Perhaps this intersection provides a metaphor for the Middle East. This year: Israel’s relentless war on Gaza that cost so many civilian lives; two years ago: Lebanon; ongoing: continuing rockets from Hamas in the south and Hezbollah in the north (if diminished in number)—all individual and collective acts of war and terror, State and individual acts of oppression and racism, religious and political fanaticism—all pushing into the intersections of humanity, blocking any path toward peace.
Today, standing and remembering the Shoah, the Holocaust of over sixty years ago, I also wished, as in years past, for an end to genocide, war, oppression, and racism in our own time. Yet I find that I am becoming more quiet, more interior—I sit at my computer, I write my thoughts, and I move on.
Like the siren’s wail, I have made my brief point, then faded into a memory. I won’t push into the gridlock of war; but I do hope to make some progress at each intersection with another human.

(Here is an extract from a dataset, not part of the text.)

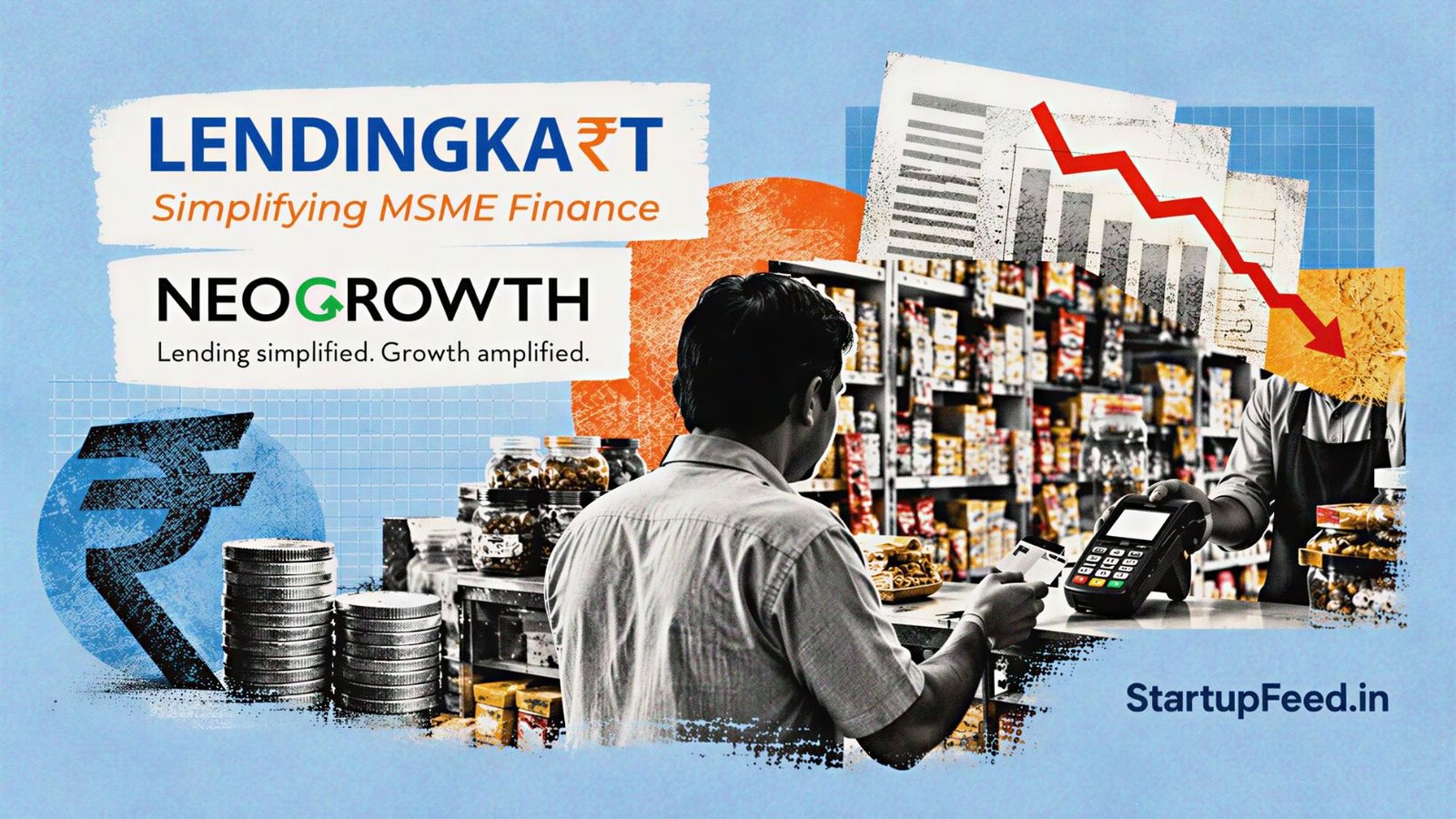 MSME Fintech Lenders Shrink Loan Books in FY26 to Cut Defaults 41 MSME fintech lenders tighten credit as Lendingkart and NeoGrowth reduce loan books in FY26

This is my third Yom HaShoah in Israel. May the fourth have more to celebrate in the re-membering of humanity and our travails against the smoke and fires of hatred.
Shoah Remembrance Day Now, In My Seventh Year in Israel (2013)
I didn’t write journal (blog) entries specifically for Shoah Remembrance Day in my fourth, fifth or sixth years in Israel. I’m not sure why. Perhaps it was because by my fourth year I was driving all over the country, at least the Central and Northern portions, to get to work at three different adjunct teaching positions. I may have even missed the moment of silence, had I been driving in the West Bank, which was part of my weekly commutes. Or it could have been because I had become used to the observance somehow.
At any rate, I don’t recall the specifics of my fourth Shoah Remembrance Day in Israel (2010). By the next year, my wife, Aviva, had given birth to our son, Moshe here in Jerusalem. Perhaps that event could have made the following Shoah Remembrance more significant and poignant, but, again, I don’t recall the fifth or sixth (last year’s) Shoah Remembrance Days, which seems just a bit forgetful of me.
Now Moshe is two and a half. His baby sister, Naomi, was born just over a month ago. Passover has just ended. And Naomi has came home today from a brief hospitalization for a localized staph infection-abscess that required IV antibiotics. This evening, Shoah Remembrance Day begins. Tomorrow morning (as I write this), the sirens will go off again. Moshe will be in daycare. Aviva and I will be home with Naomi. Perhaps, this time, I will pause again to remember the Shoah. And to recall the heroes of the Warsaw Ghetto Uprising.
I hope that I will also remember to be grateful that my family and I are healthy and living in a future that must have been nearly unimaginable during the darkest moments of the Holocaust. Yet somehow this future is—my present, which includes two grown daughters from a previous marriage, a good relationship with my ex-wife, one grand-daughter, and now a son and daughter from this second marriage to Aviva, and a wife today who supports me in my crazy artist-writer pursuits.
All too often I lose sight of the gift of this life I have, especially while I am in the midst of my struggle to find consistent, reasonably paid employment, and in twisted with frustration from searching for my place in a land and culture that at once seems familiar and at the same time is beyond my comprehension.
I hope that I will remember all of these things, these echoes and possibilities, for Shoah Remembrance.